En nuestro país, las mujeres, a pesar de tener niveles formativos más altos que los hombres, tienden a ocupar posiciones de menos calificación que los hombres. Por ejemplo, entre los asalariados no calificados, las mujeres representan un 58%, pero entre los ejecutivos solo alcanzan el 22%, a pesar de que las mujeres están mejor calificadas en términos de educación en ese grupo de trabajadores.

Los datos muestran que en aquellas empresas donde hay más mujeres, el promedio de los salarios es más bajo para todos. En Europa, y lógicamente también en España, trabajar para una empresa con mayoría de empleadas mujeres, puede llegar a implicar cobrar un 15% menos que en otra empresa del mismo sector con plantillas donde hombres y mujeres estén más igualados.
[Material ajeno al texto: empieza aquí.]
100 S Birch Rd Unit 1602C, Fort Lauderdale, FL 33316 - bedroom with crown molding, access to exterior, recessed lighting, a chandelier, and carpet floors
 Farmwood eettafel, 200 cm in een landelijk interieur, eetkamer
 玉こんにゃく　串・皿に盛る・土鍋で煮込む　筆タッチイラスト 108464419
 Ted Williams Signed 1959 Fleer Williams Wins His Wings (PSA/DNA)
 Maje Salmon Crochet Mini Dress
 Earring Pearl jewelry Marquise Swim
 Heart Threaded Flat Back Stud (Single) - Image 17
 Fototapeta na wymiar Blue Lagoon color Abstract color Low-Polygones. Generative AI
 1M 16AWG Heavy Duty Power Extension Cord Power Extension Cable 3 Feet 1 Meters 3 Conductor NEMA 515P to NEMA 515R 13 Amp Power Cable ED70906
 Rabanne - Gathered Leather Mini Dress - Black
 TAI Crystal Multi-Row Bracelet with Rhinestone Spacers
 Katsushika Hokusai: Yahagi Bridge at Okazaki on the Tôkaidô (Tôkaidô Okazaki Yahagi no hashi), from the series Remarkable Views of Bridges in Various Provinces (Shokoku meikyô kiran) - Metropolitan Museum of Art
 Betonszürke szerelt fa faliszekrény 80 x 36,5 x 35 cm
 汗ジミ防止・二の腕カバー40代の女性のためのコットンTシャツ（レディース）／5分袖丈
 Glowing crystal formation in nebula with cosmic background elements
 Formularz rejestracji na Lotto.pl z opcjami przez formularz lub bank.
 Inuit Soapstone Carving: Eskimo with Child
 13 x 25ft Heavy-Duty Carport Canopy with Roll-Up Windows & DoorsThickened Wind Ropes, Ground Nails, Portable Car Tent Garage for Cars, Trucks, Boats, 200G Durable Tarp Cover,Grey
España destaca por la disminución de la actividad laboral de las mujeres justo cuando comienza a tener hijos, (en torno a 30 años). La maternidad penaliza la participación y los salarios de las mujeres y no solo en el momento de tener familias, sino que esto se alarga a través del ciclo vital de las mujeres hasta entrada la edad de jubilación.

Recomendaciones

Las políticas públicas y las medidas en la empresa con diálogo social reducen la desigualdad. Algunos países han adoptados medidas que están teniendo buenos resultados, como es el caso de la Ley de transparencia de pago de Alemania (2017), que autoriza a los empleados individuales a solicitar el salario mensual promedio de los empleados del sexo opuesto dentro de su grupo de comparación (por ejemplo, con un perfil de trabajo similar) y esto se aplica a las empresas con 200 o más empleados o la obligación de los empleadores de 250 o más trabajadores en el Reino Unido de hacer públicas sus brechas salariales de género.

Nota informativa de la Oficina de la OIT en España.